▶ [WHAT THIS TASK INVOLVES] Transcribe the entries below exactly, starting with the line that has "358 Main Street" and stopping after the line that has "4428 Lakeside Drive, Lincoln, ON"; no pictures belong in the copy.

▶ [PROVIDED INFORMATION]
*** Block opens ***
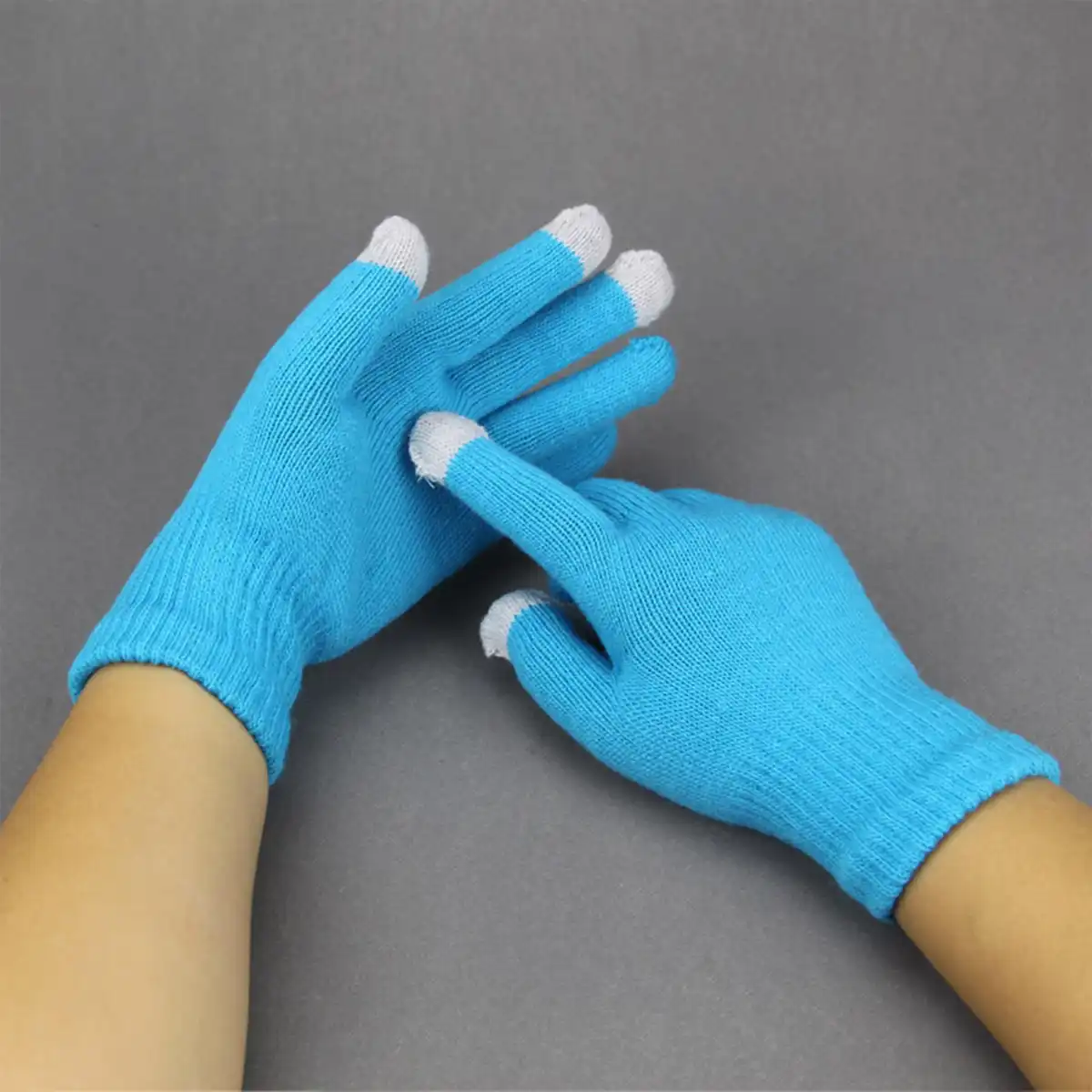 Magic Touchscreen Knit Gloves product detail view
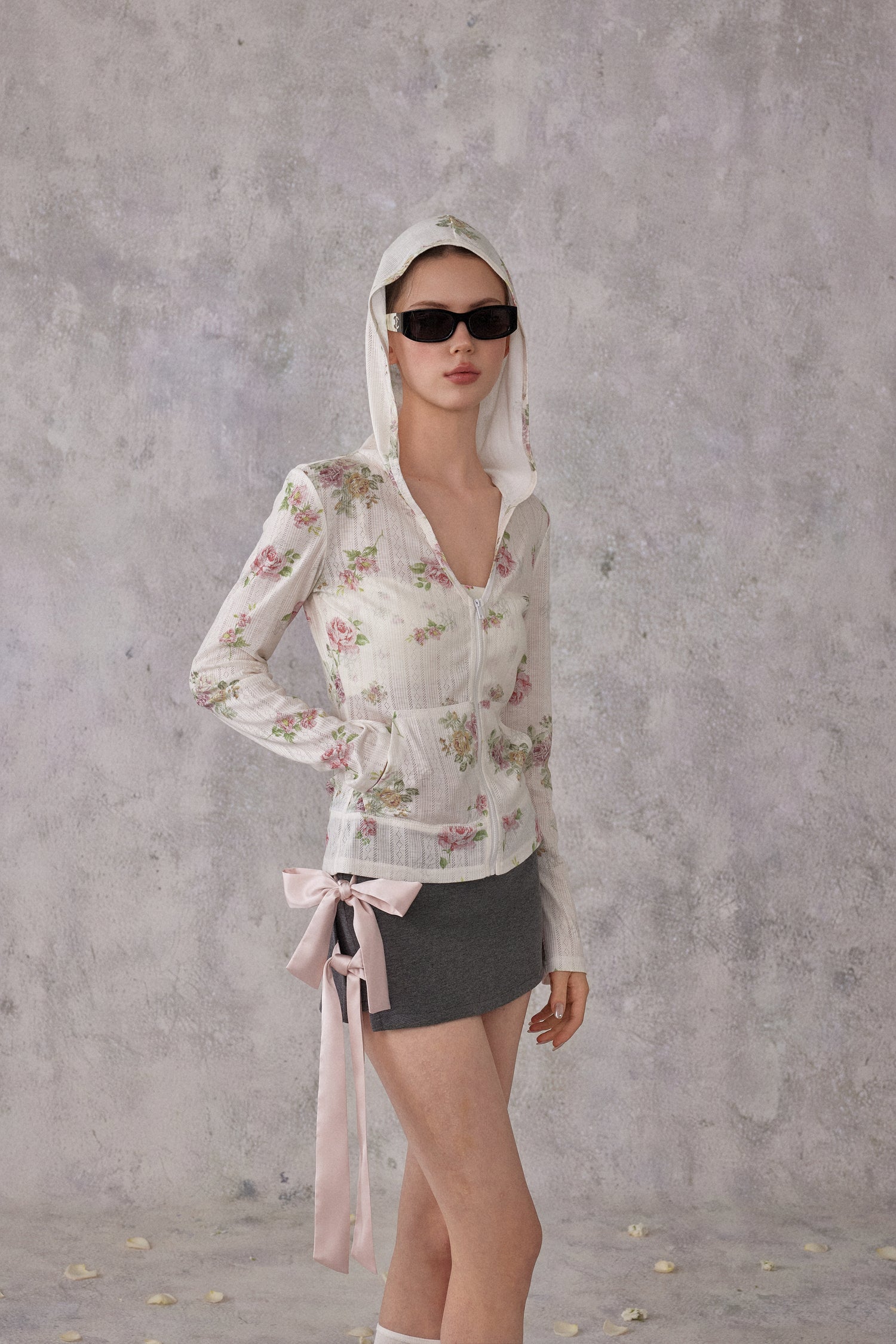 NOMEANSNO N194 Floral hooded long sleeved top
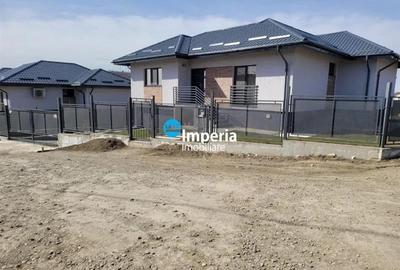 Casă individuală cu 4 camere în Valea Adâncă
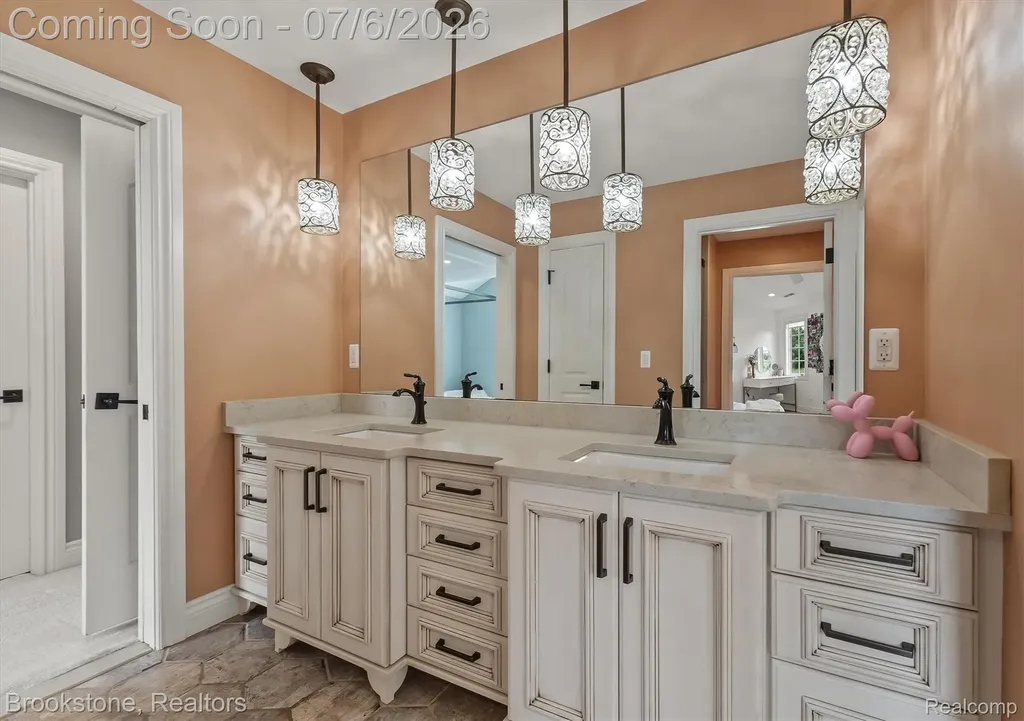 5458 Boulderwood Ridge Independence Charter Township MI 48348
*** Block closes ***
*** Block opens ***
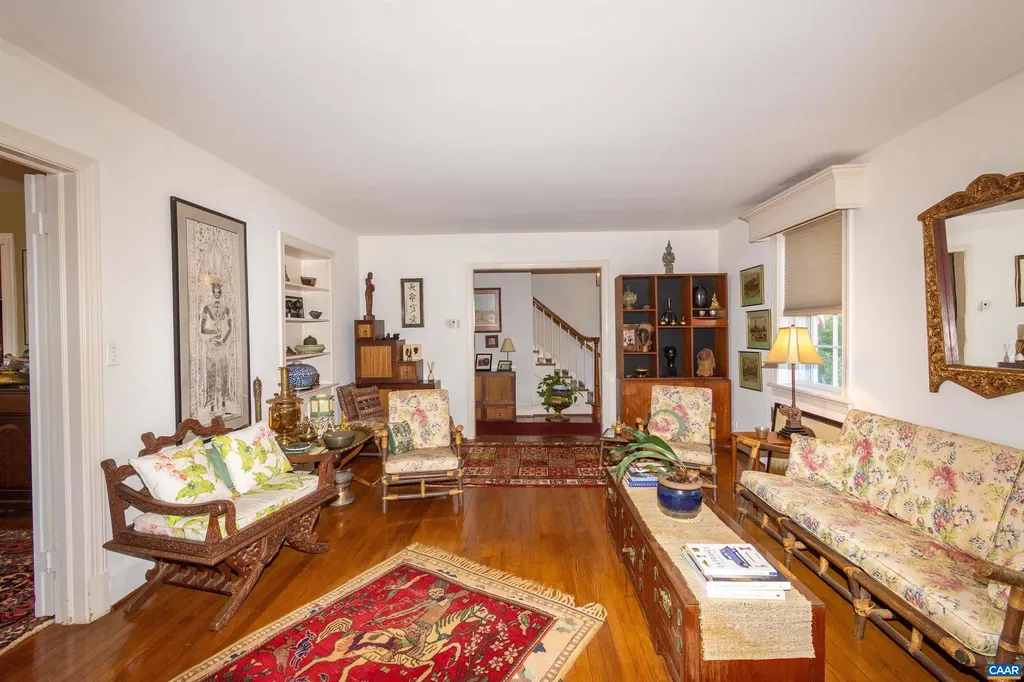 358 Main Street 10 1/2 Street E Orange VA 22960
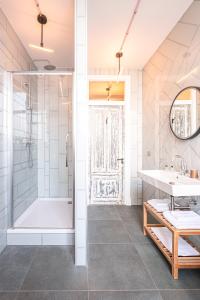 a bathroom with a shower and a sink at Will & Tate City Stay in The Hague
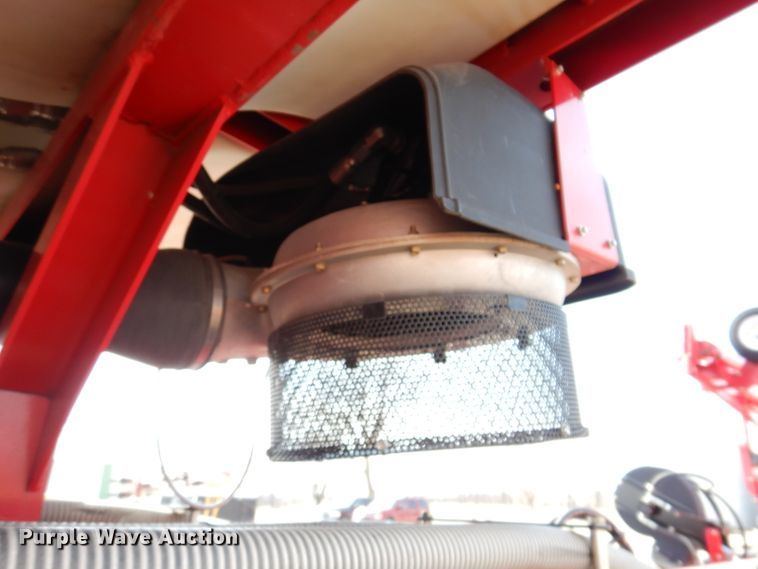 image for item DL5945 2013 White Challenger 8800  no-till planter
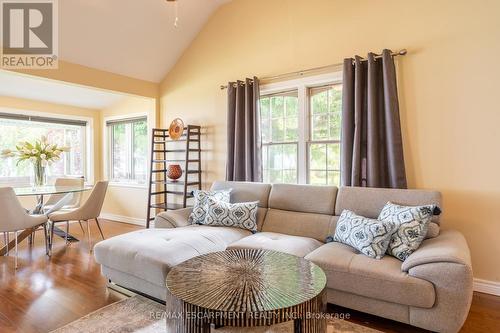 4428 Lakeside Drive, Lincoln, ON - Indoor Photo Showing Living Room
*** Block closes ***
▶ [RESULT FOR THIS EXERCISE]
 358 Main Street 10 1/2 Street E Orange VA 22960
 a bathroom with a shower and a sink at Will & Tate City Stay in The Hague
 image for item DL5945 2013 White Challenger 8800  no-till planter
 4428 Lakeside Drive, Lincoln, ON - Indoor Photo Showing Living Room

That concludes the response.